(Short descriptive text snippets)
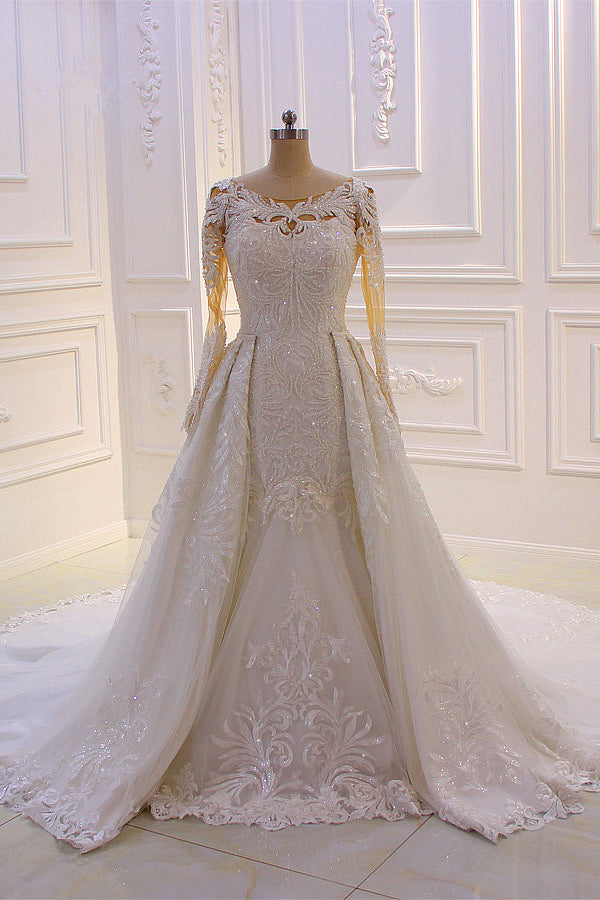 Classic Jewel Long Sleevess Tulle Lace Sparkle Ivory Wedding Dress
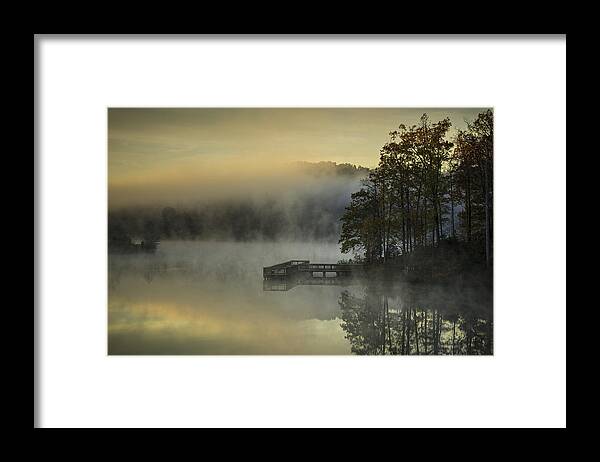 Fishing Dock In Fog Framed Print featuring the photograph Fishing Dock by David Waldrop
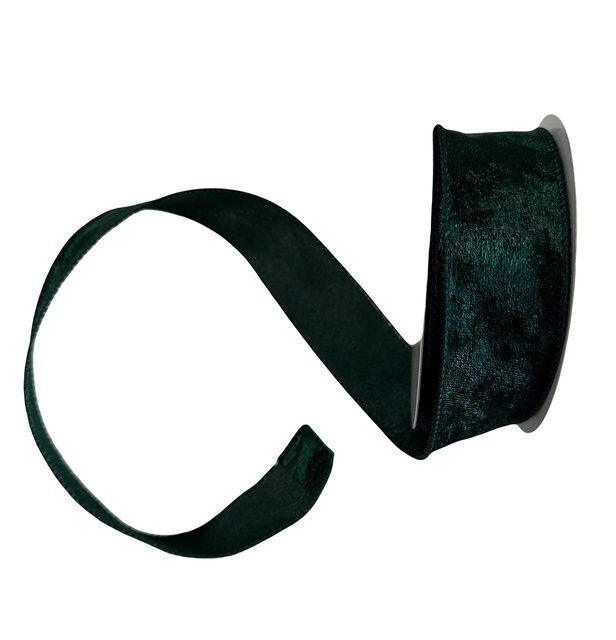 Hunter Green Lush Velvet 1.5&quot; x 10Yards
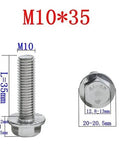 Stainless Steel Flange Screws Bolts and Nuts Kit for Exhaust Manifold M10x1.5 35mm 4 Pack close-up with dimensions
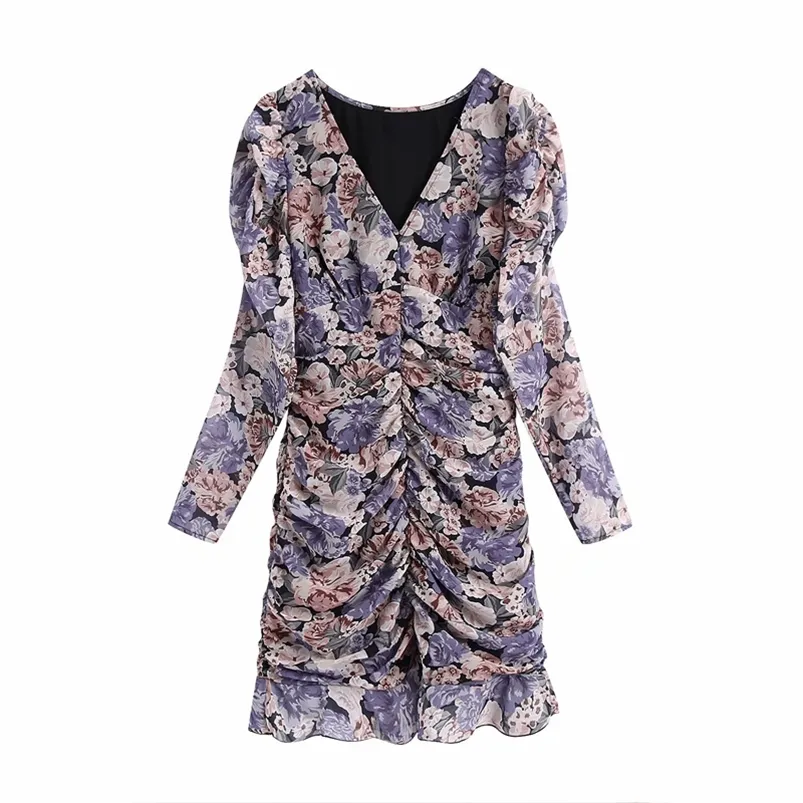 Women Summer Chiffon Pleated Mini Dresses Long Sleeve Floral Print Slim V-Neck Female Elegant Vintage Clothes Vestidos 210513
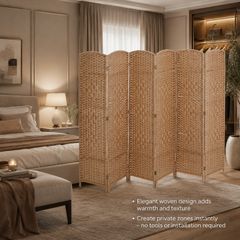 6 Panel Folding Room Divider  Natural Woven Privacy Screen 170 x 241 cm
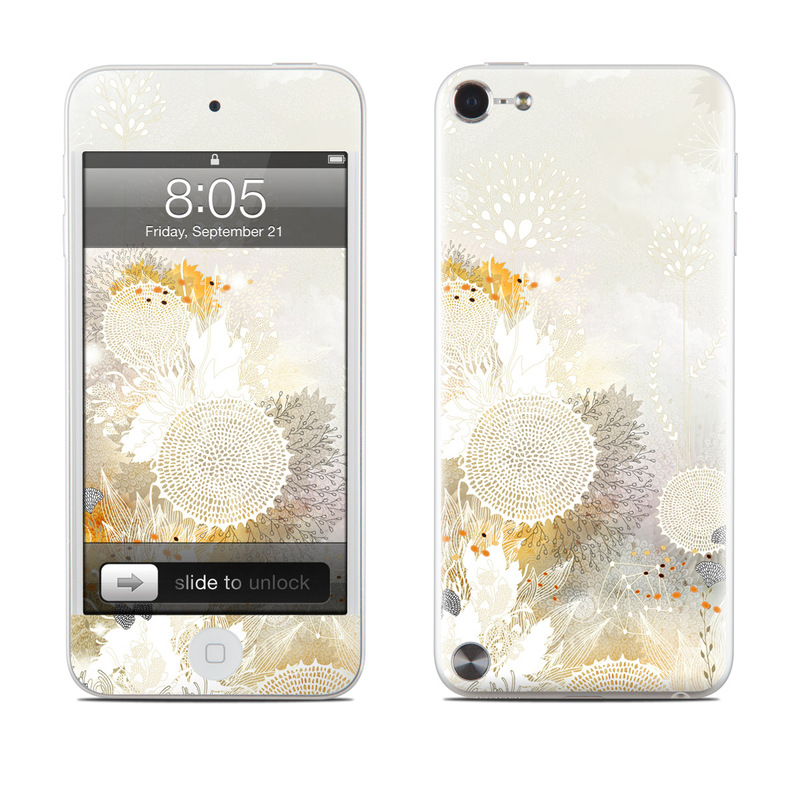 iPod touch 5th Gen Skin design of Pattern, Floral design, Flower, Plant, Illustration, camomile, Wildflower, Art, with gray, yellow, pink, white, green colors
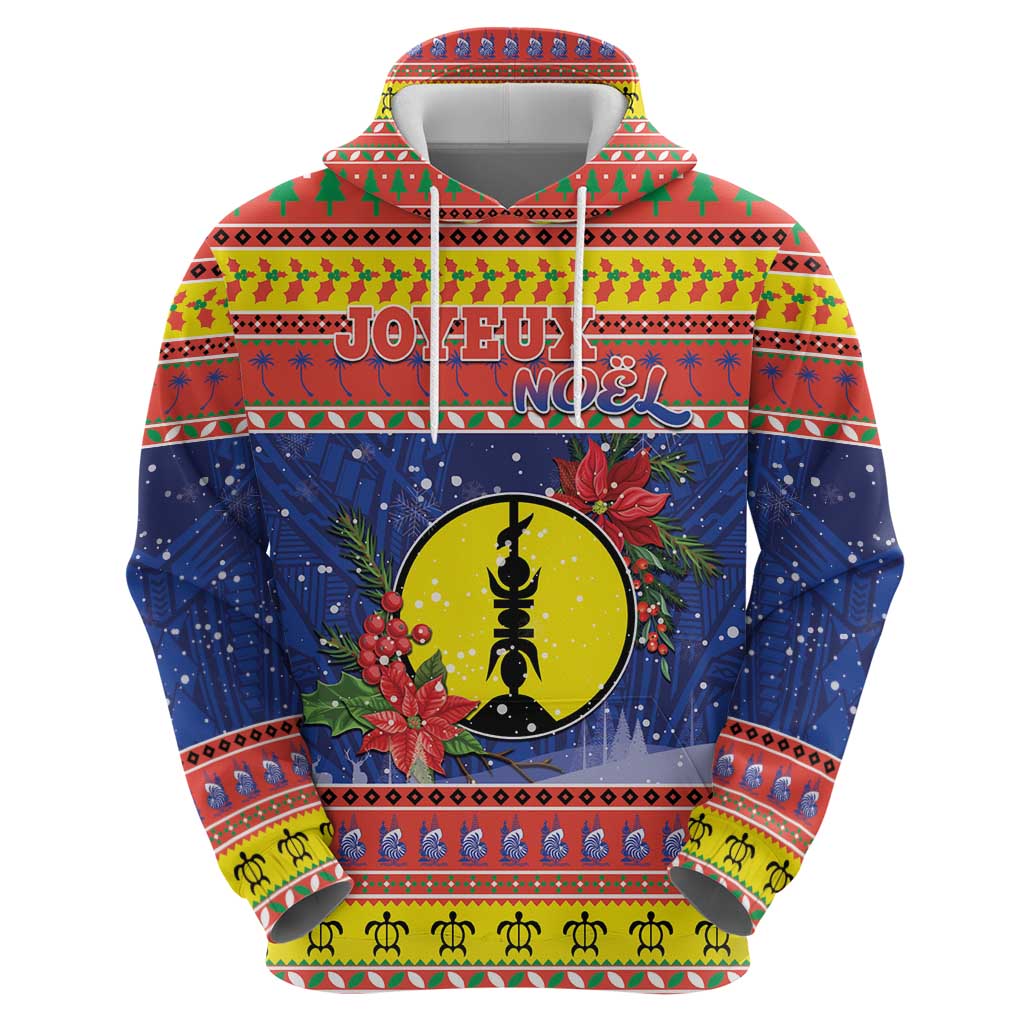 New Caledonia Christmas Zip Hoodie Kanaky Poinsettia Joyeux Noel LT05 - Polynesian Pride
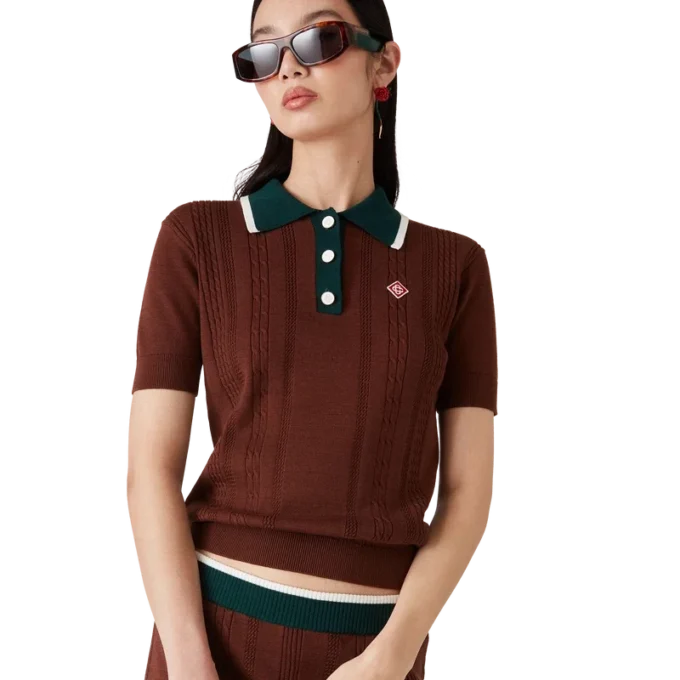 Polo met kabelpatroon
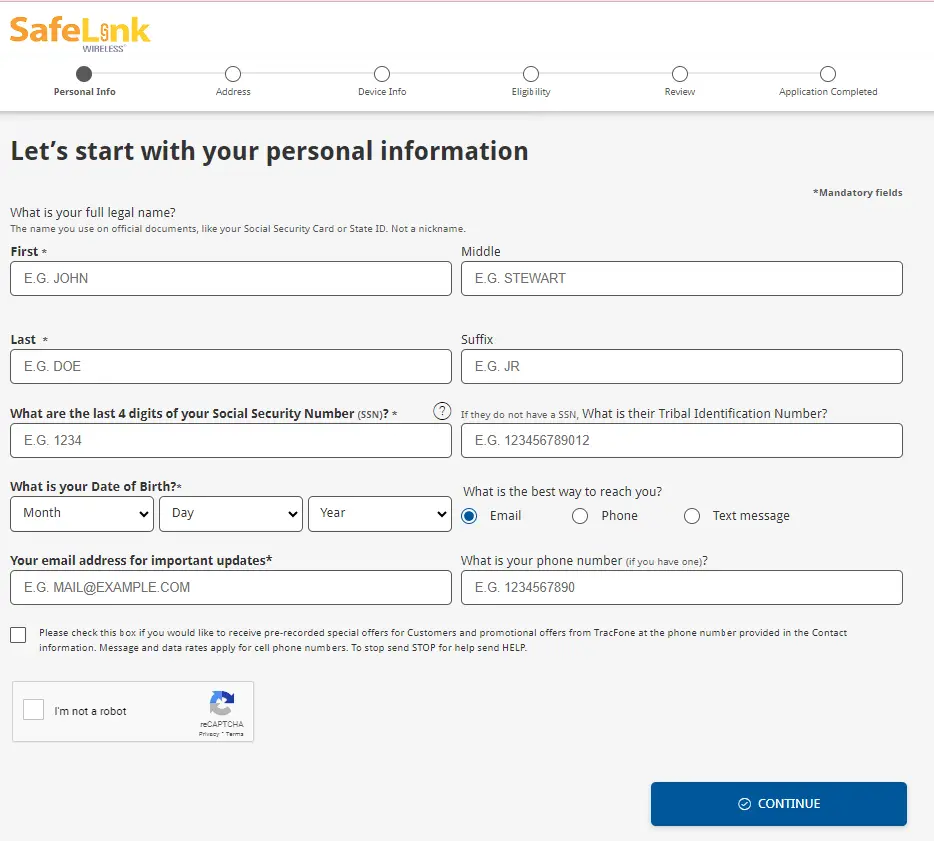 A screen shot of the safelink personal information form page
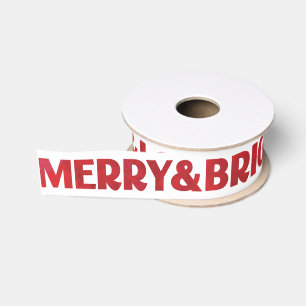 Red Painted Merry & Bright Love & Light Your Name Grosgrain Ribbon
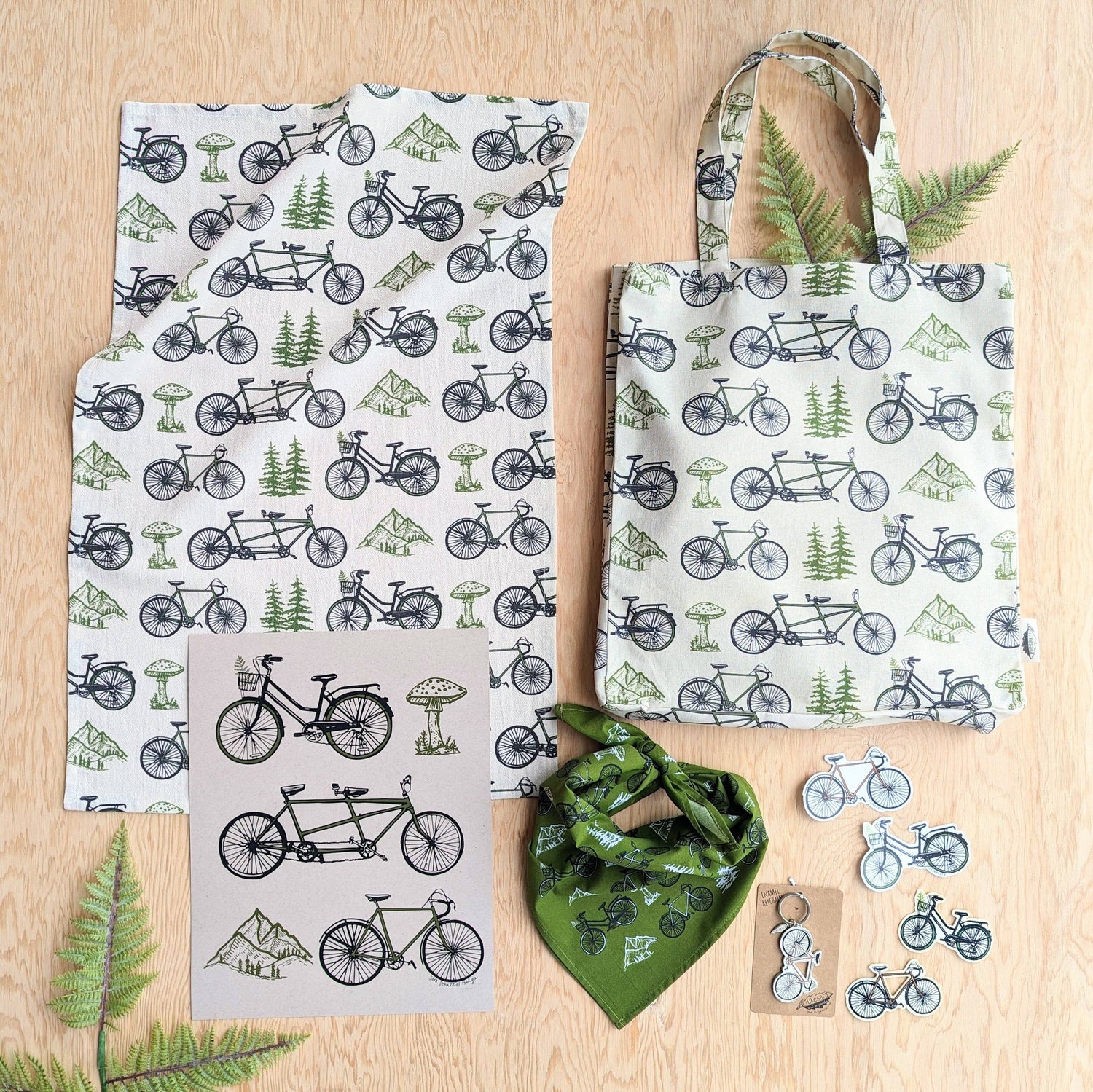 Tea towel | bicycle adventure - bike &amp; nature cotton flour sack dish cloth
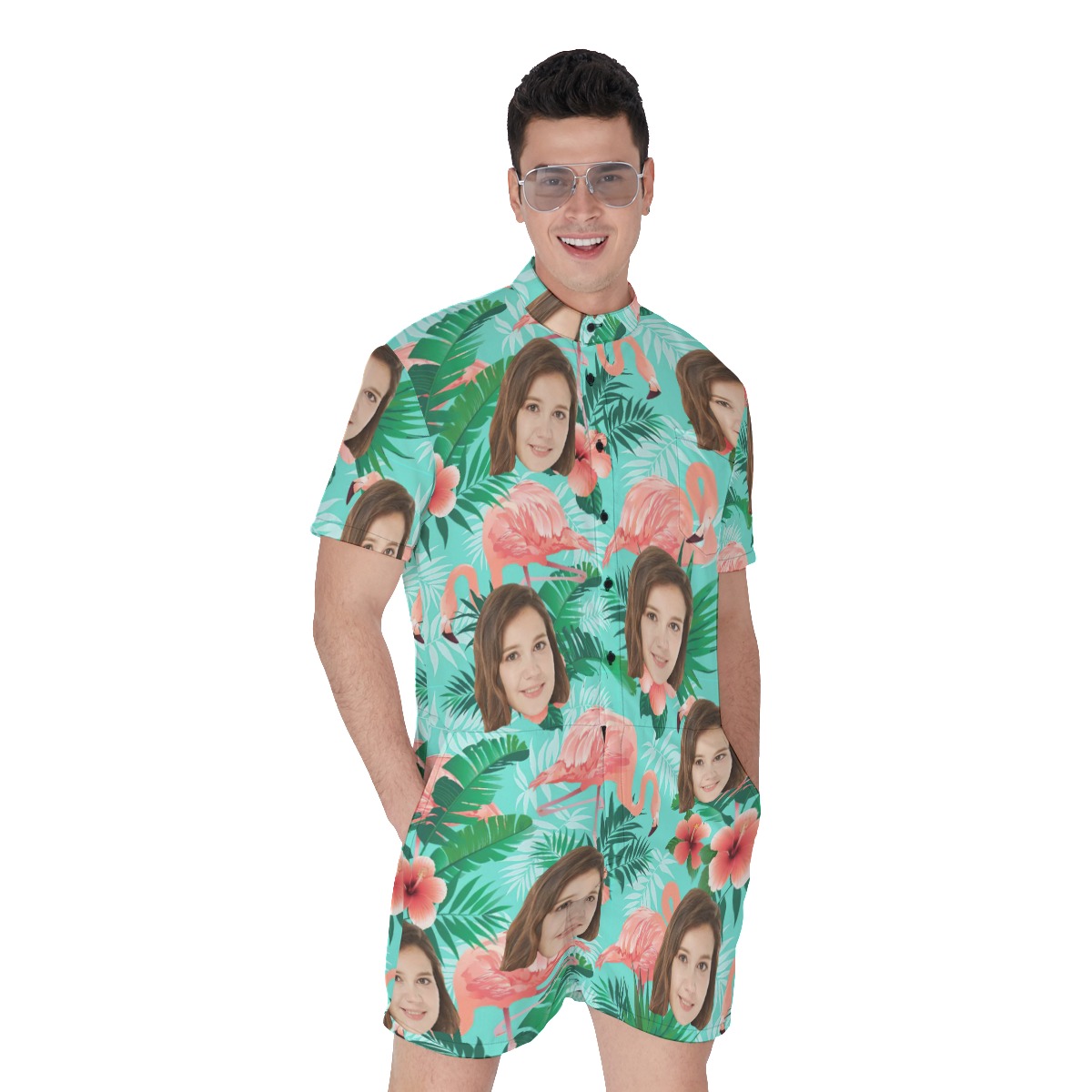 Funny Flamingo Custom Men's Romper With Custom Face - variant image 1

:: Your objective ::
All lines from the one containing "6 Panel Folding" to the last line of the data above, both included, should be printed exactly, and the pictures should not appear.

:: Answer box ::
 6 Panel Folding Room Divider  Natural Woven Privacy Screen 170 x 241 cm
 iPod touch 5th Gen Skin design of Pattern, Floral design, Flower, Plant, Illustration, camomile, Wildflower, Art, with gray, yellow, pink, white, green colors
 New Caledonia Christmas Zip Hoodie Kanaky Poinsettia Joyeux Noel LT05 - Polynesian Pride
 Polo met kabelpatroon
 A screen shot of the safelink personal information form page
 Red Painted Merry & Bright Love & Light Your Name Grosgrain Ribbon
 Tea towel | bicycle adventure - bike &amp; nature cotton flour sack dish cloth
 Funny Flamingo Custom Men's Romper With Custom Face - variant image 1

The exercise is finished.